It’s the first truly cold evening of December and the thump thump thump of a basketball traveling across the court echoes through Williams Arena. The Minnesota Golden Gophers women’s basketball team is playing Nebraska and, despite the pandemic, the familiar game day staples are in place. The pep band plays the rouser as the crowd stands and claps. Cheerleaders arrange themselves into a standing pyramid. The Jumbotron ticks off the seconds.

There’s another constant, although one that’s not widely known to the crowd. Dressed in maroon and gold, Elizabeth Arendt, M.D., one of the team’s physicians, is cheering from her usual seat behind the scorekeepers. Arendt, who goes by Liza, is in her late 60s. That means she has a different perspective on this game than the college-aged fans sitting in the Barnyard section.

She understands that women playing in this storied building—let alone her career as a prominent orthopedic surgeon—are both hard-won victories that wouldn’t have been possible without the Title IX Education Amendments of 1972, a change to the Federal Civil Rights Act that became law 50 years ago this June.

That legislation—commonly known as Title IX— prohibits discrimination based on a person’s sex, including sexual orientation and gender identity, in all educational institutions and for activities that receive federal assistance.

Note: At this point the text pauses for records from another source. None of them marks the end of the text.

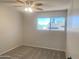 Bedroom with neutral walls, plush carpet, and a window offering bright natural light at 2155 W Farmdale Ave # 8, Mesa, AZ 85202
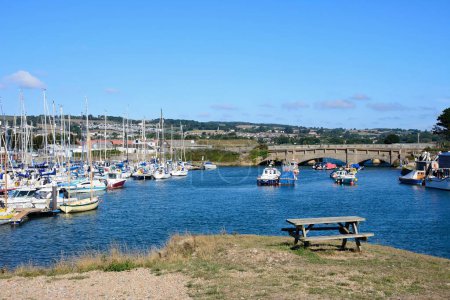 Foto de AXMOUTH, Reino Unido - 30 de agosto de 2022 - Puente sobre el río Axe con pequeños barcos pesqueros y yates amarrados en el puerto, Axmouth, Devon, Reino Unido, Europa, 30 de agosto de 2022. - Imagen libre de derechos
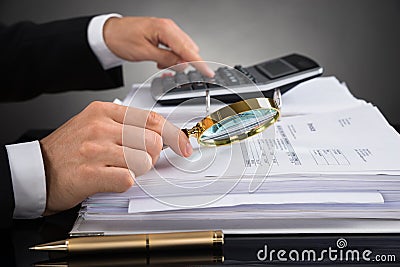 Businessperson Checking Invoice With Magnifying Glass Stock Photo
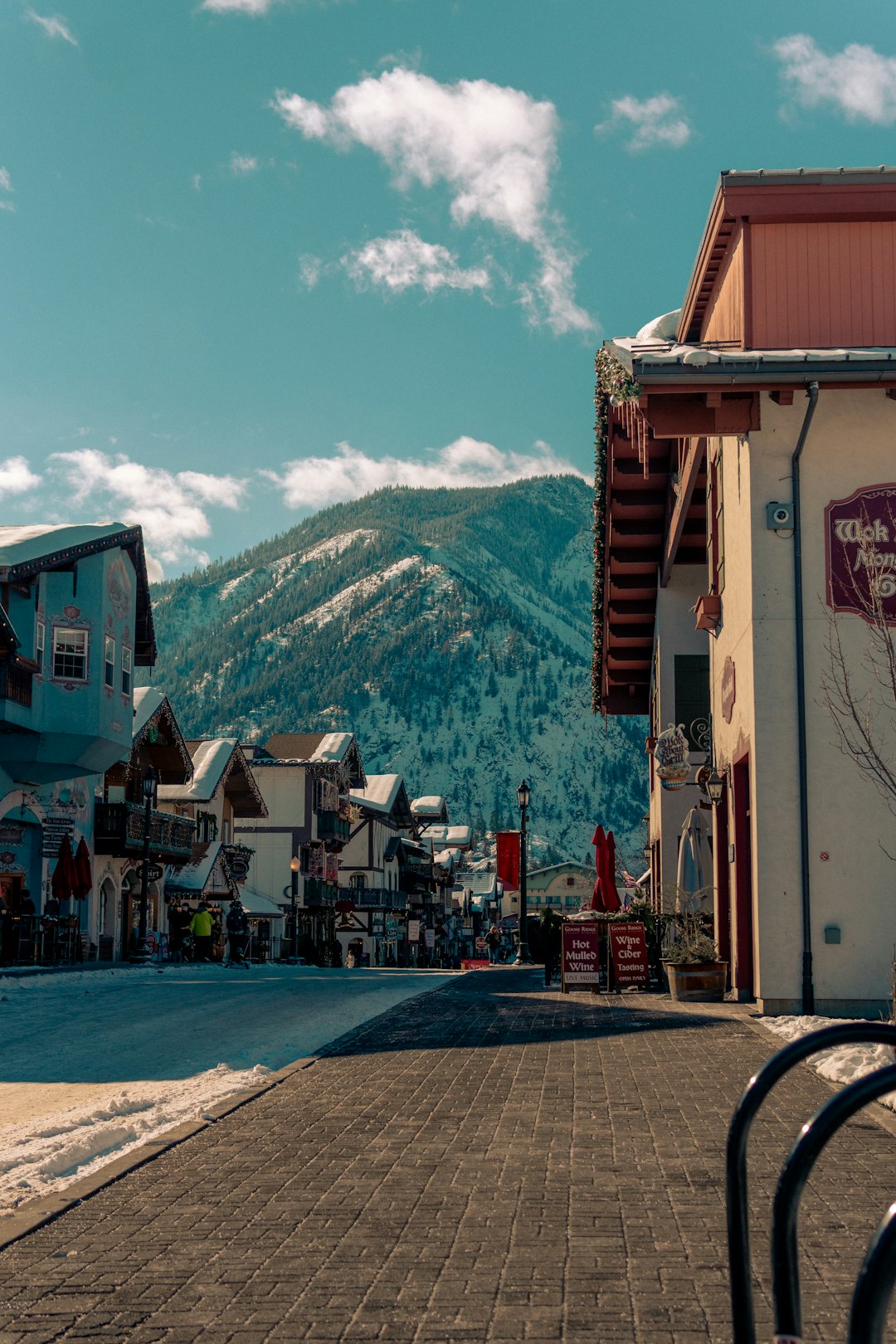 Snowy mountain street lined with colorful shops, blue sky, with pine-covered hills in the background.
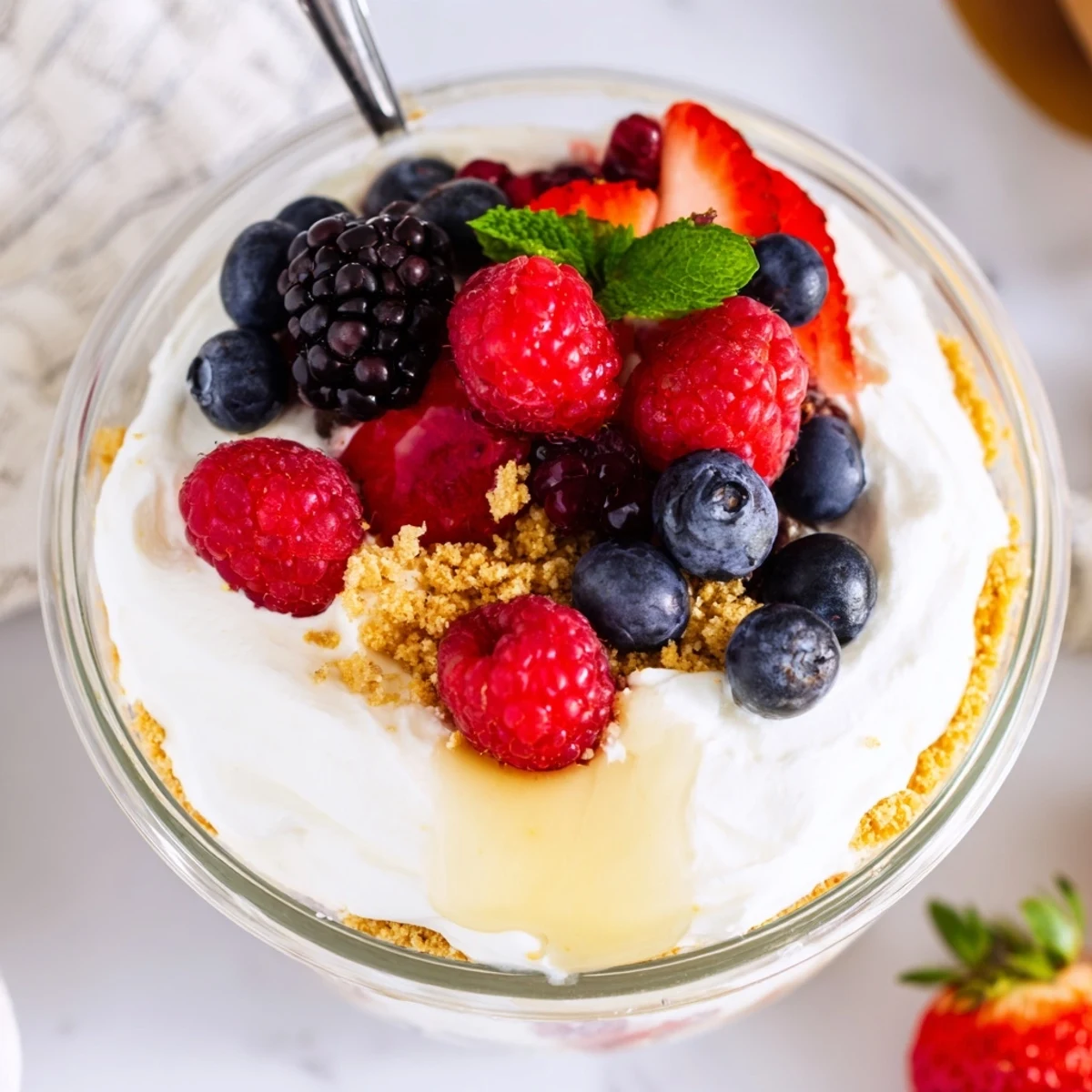 Creamy no bake berry cheesecake bowls topped with fresh mixed berries and crunchy graham cracker crust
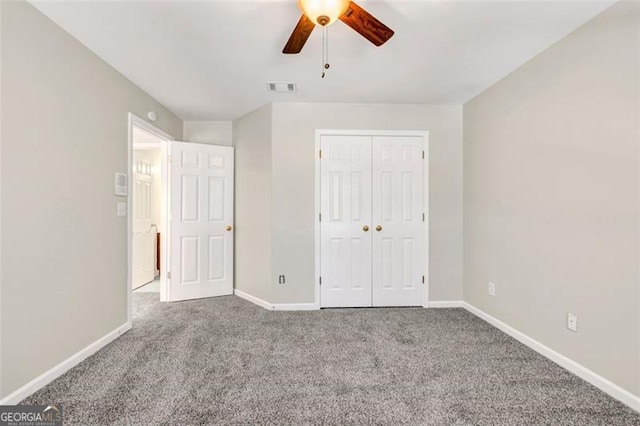 unfurnished bedroom featuring a closet, carpet, and ceiling fan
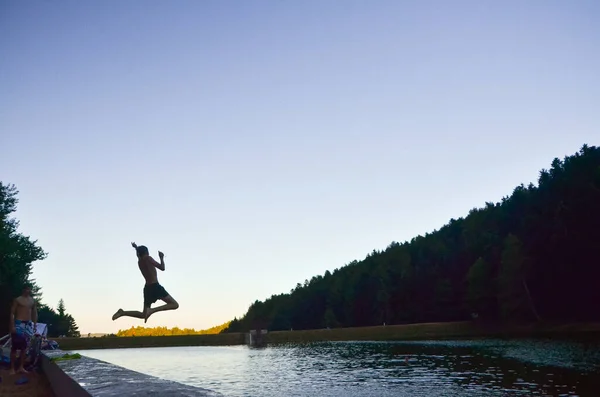 Man jumping to the water in summer in summer evening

Its reach touches every aspect of the American educational experience, from bullying in elementary school to college recruitment, admissions, financial assistance, sexual assault, and treatment of pregnant students and LGBTQIA+ students.

While the legislation is arguably most visible for opening doors for female high school and college athletes, Title IX was originally passed to ensure more educational opportunities for women. In fact, gender equity in athletics was not even debated when the amendment was originally passed.

The impact of Title IX in the world of sports would benefit from the rise of the women’s movement in the late ’60s and early ’70s, as well as the growing visibility of a few breakout professional female athletes, including Althea Gibson, Billie Jean King, Chris Evert, and Dorothy Hamill. Those two developments helped initially highlight the disparities between men’s and women’s sports opportunities. In fact, the eventual advances in athletics under Title IX started not with policymakers, but with fathers and mothers filing lawsuits under the Act on behalf of their athletic daughters.

As the 50th anniversary of this landmark legislation approaches, it’s time to take stock of both its successes and the work that remains undone, as well as the controversies it continues to spark.

Minnesota Alumni spoke with U of M faculty, staff, and alumni who lived through these historic changes. Their stories and experiences illuminate the dramatic impact of Title IX on not only the University of Minnesota, but on the country as a whole.

“Title IX changed everything,” says Arendt, who completed a fellowship at the Medical School in 1985, and is also a professor and vice chair for the department of orthopedic surgery. “It allowed us to be who we wanted to be. Or at least it gave us the opportunity to try to be the full person that we wanted to be.”